Return exactly the span of lines in the following data that opens with the line containing "Meta Delu 40" and closes with the line containing "The Story of". Include nothing else.

GIVEN INFORMATION below:

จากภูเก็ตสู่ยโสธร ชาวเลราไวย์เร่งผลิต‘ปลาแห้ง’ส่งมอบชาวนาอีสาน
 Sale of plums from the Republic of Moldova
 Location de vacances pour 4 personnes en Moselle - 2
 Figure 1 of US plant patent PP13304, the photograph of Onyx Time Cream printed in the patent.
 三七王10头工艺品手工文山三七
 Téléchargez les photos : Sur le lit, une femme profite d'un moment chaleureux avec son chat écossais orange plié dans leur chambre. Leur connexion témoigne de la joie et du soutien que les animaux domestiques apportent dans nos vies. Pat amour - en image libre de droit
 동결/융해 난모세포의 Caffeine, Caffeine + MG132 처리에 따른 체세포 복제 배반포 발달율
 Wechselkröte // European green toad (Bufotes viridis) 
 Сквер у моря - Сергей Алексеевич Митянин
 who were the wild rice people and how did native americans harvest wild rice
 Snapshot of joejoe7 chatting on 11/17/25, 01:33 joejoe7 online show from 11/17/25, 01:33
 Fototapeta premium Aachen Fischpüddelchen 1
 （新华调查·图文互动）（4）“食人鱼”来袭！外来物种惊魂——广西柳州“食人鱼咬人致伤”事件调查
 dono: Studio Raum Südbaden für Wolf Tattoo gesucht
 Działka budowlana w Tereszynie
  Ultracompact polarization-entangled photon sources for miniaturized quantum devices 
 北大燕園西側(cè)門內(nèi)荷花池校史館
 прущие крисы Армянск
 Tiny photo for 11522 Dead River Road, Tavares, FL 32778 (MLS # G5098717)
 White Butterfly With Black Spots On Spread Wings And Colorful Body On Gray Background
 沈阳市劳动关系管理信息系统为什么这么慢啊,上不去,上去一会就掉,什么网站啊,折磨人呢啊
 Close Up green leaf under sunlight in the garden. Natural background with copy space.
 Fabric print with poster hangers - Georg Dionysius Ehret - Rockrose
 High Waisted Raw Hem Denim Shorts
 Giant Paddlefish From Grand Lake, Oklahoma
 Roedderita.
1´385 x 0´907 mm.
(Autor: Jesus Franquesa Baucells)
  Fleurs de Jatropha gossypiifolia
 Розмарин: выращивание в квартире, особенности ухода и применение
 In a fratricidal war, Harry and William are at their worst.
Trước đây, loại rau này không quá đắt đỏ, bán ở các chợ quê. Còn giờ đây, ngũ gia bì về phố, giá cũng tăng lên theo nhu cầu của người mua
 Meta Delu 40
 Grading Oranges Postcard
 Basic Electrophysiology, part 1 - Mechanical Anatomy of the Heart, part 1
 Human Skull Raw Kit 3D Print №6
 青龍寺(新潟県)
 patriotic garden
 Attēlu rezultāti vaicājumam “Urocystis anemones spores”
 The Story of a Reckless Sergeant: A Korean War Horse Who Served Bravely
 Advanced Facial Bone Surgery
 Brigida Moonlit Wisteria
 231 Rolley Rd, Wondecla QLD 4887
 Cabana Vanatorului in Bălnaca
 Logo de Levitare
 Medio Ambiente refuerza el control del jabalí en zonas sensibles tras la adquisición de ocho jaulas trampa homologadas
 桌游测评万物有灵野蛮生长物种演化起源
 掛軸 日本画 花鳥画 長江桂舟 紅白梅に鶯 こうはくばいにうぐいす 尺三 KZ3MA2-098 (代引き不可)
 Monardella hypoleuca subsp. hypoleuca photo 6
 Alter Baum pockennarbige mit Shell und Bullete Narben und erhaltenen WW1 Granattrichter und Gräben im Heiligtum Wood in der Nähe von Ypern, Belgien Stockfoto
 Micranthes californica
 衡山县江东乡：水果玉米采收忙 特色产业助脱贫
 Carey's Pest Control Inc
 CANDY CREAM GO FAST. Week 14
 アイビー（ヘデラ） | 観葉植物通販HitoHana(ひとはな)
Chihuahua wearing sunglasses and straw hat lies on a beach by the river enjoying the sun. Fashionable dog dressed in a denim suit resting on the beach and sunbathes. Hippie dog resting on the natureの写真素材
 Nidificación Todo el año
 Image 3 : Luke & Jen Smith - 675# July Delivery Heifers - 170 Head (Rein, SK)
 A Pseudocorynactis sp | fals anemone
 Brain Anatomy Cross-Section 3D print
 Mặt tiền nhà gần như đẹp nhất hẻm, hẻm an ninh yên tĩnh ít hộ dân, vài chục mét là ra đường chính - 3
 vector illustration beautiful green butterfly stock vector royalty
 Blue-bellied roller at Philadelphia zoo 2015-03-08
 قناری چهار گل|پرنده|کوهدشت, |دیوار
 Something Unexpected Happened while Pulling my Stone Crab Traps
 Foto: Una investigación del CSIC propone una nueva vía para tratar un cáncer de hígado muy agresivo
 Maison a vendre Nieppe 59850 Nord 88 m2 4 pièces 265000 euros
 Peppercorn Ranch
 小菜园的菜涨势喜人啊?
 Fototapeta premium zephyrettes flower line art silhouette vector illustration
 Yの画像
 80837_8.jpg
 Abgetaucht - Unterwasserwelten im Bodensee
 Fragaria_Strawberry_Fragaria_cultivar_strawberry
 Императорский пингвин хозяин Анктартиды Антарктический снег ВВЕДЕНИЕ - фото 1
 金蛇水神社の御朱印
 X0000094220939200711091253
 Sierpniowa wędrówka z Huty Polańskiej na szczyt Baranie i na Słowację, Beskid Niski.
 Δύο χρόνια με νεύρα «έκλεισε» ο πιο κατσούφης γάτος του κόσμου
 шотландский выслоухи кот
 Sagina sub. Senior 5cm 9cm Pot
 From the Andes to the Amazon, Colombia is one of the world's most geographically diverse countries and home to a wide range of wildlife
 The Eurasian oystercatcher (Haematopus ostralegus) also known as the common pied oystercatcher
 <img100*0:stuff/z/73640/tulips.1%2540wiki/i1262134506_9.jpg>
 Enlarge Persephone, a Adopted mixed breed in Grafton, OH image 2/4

End of GIVEN INFORMATION.

COMPLETED TASK:
 Meta Delu 40
 Grading Oranges Postcard
 Basic Electrophysiology, part 1 - Mechanical Anatomy of the Heart, part 1
 Human Skull Raw Kit 3D Print №6
 青龍寺(新潟県)
 patriotic garden
 Attēlu rezultāti vaicājumam “Urocystis anemones spores”
 The Story of a Reckless Sergeant: A Korean War Horse Who Served Bravely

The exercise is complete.